Abbondanza – Die Fülle des Lebens

Abbondanza (oder auch Abundantia) war in der römischen Mythologie die Personifikation von Fülle und Wohlstand. Meist hält sie ein Füllhorn im Arm, aus dem Früchte und Blumen hervorquellen, in der anderen Hand Ähren – Symbole des Überflusses. Auch William James Desmond, der irische Philosoph spricht in seinen philosophischen Schriften von der „abundance“ der Welt. Er meint nicht nur die Überfülle in der Natur, sondern eine Welt voller Wunder, die übervoll ist von Leben und Bedeutung: Das Sein ist für ihn mehr, als wir je erfassen oder begreifen können. Und dennoch begrenzen wir unseren Blick im alltäglichen Leben meist auf die Aufgaben, die vor uns liegen, auf das, was zu tun ist, auf das Funktionieren – William Desmond beschreibt dies als existenzielle Dissonanz:

In unserem Leben erfahren wir immer wieder Bedeutsames.
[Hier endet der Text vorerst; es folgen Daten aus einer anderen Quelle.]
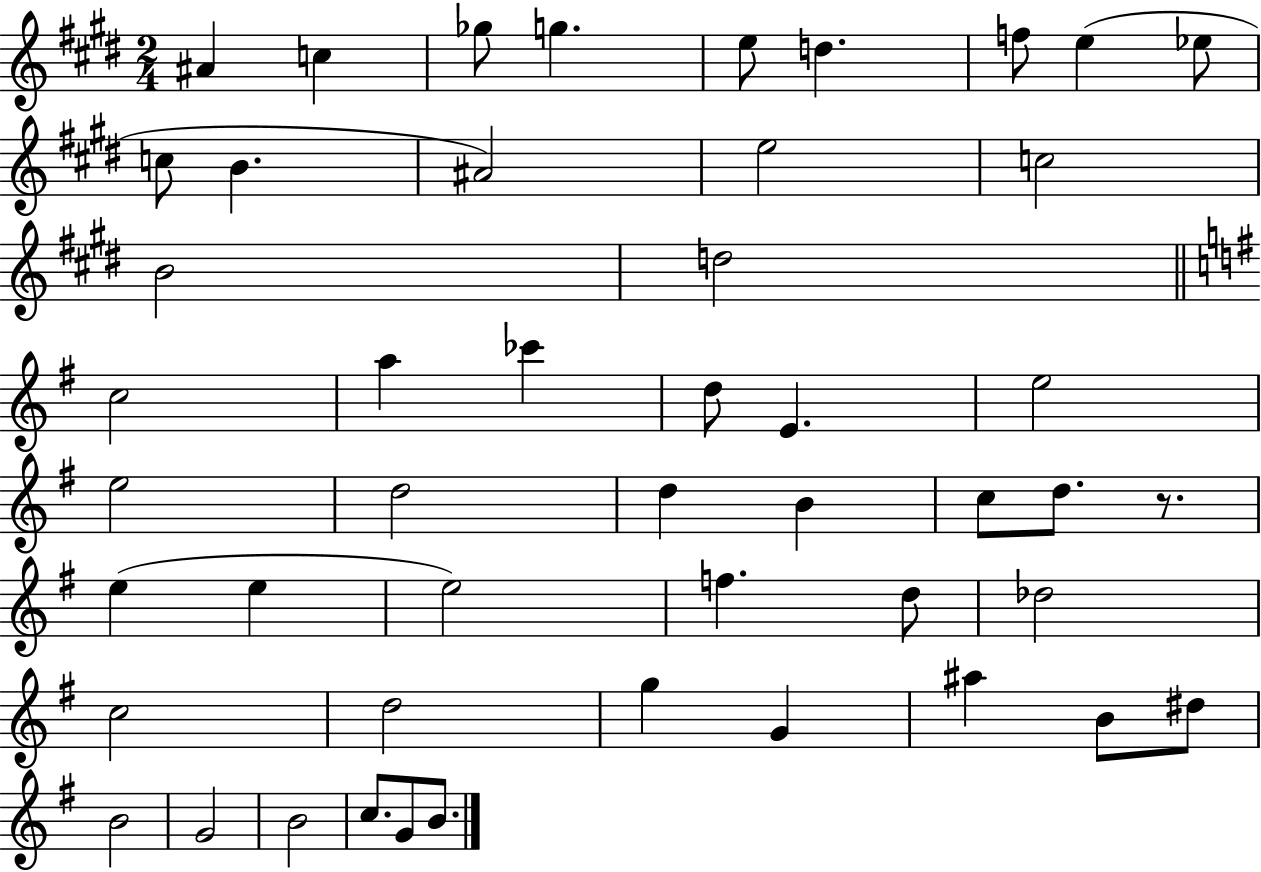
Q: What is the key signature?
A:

Wir verlieben uns, wir erleiden Krankheiten, Unfälle, Kummer; wir bringen Opfer, wir erschaffen Kunst, wir bekommen und erziehen Kinder, wir erleben Verluste, trauern – all das ist für uns bedeutsam. Doch unser erlerntes Weltbild (s. dazu auch unser Artikel über Jeremy Lent) vermittelt uns etwas anderes: In einer veralteten biologischen Sicht sind wir nichts weiter als eine hochentwickelte Spezies, Bewusstsein ist nur eine Begleiterscheinung neuronaler Prozesse. Liebe ist eine neurochemische Illusion, die überdeckt, dass wir von Trieben gesteuert werden. Sinn ist eine Geschichte, die wir uns erzählen, um besser im Leben zurechtzukommen.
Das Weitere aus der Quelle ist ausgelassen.